She had the widest of eyes that bespoke the purest of innocence, while the heave of her beautiful bosom and the curve of her lovely thighs exposed beneath the shortest of skirts - some 40 years before the mini was invented - portrayed every erotic thought the mind of man was heir to.
This was Betty Boop, the unique embodiment of sex and purity in one fulsome flapper, the dream girl of the Twenties who drove every cast member of her cartoons eye-popping wild. Betty Boop it was who sang and danced her short-skirted way through a sequence of cartoon films unique in animation history, only stopped short in her high-heeled tracks by an outraged Hayes Office, the American film censors.
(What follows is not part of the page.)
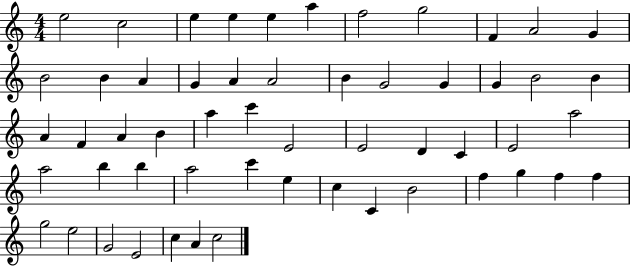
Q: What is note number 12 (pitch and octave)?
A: B4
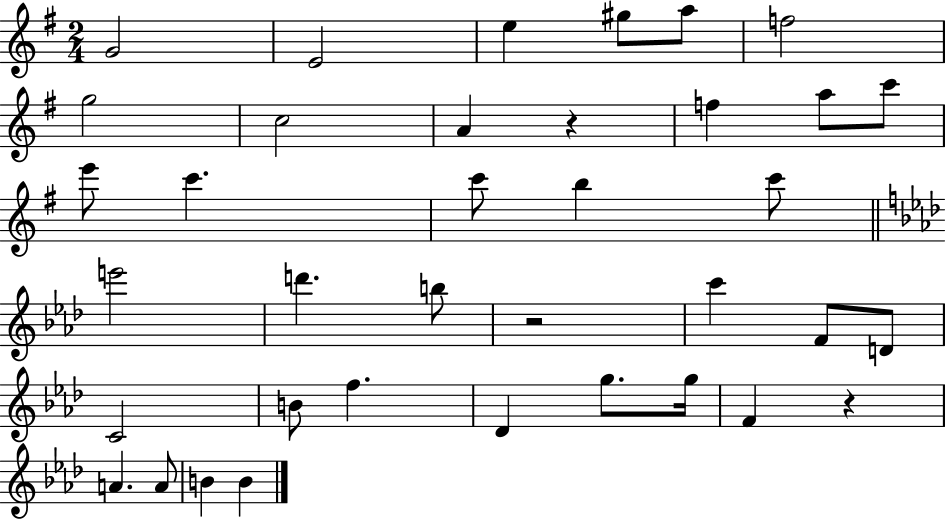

In recent times, her black-and-white five-minute frollics were colourised for the television generation and caused the second sensation of Betty's long life. The first came early in her career when Miss Helen Kane, the original "boop-boop-a-doop girl" of stage, screen and recordings, sued the Fleischer Brothers for pinching her act. Max, Dave and their pen-and- ink Betty won the day, however, and Betty continued with a new voice impersonating Helen Kane while singing such saucily similar songs as "Don't Take My Boop-Boop-a-Doop Away".
The young lady who took on Betty Boop's voice for a trial run when in her twenties, and made an almost lifelong career of cartoon voices from then on, was Mae Questel. She was not the original Betty, being preceded by Margie Heinz, Kate Wright, Bonnie Poe and Little Ann Little, a pocket- sized pretty who did one Boop film, Dizzy Dishes (1930), and then toured as Boop in Vaudeville whilst a cartoonist called Pauline Comanor drew her pictorial persona on an easel.
Mae Questel was, however, more of a mimic, and had been doing an impersonation act on the theatre stage. The director Dave Fleischer gave her a test and from then on she was a cartoon regular, voicing everyone the studio drew from Betty Boop to Popeye's skinny girlfriend Olive Oyl, and a couple of times even the one-eyed sailorman himself.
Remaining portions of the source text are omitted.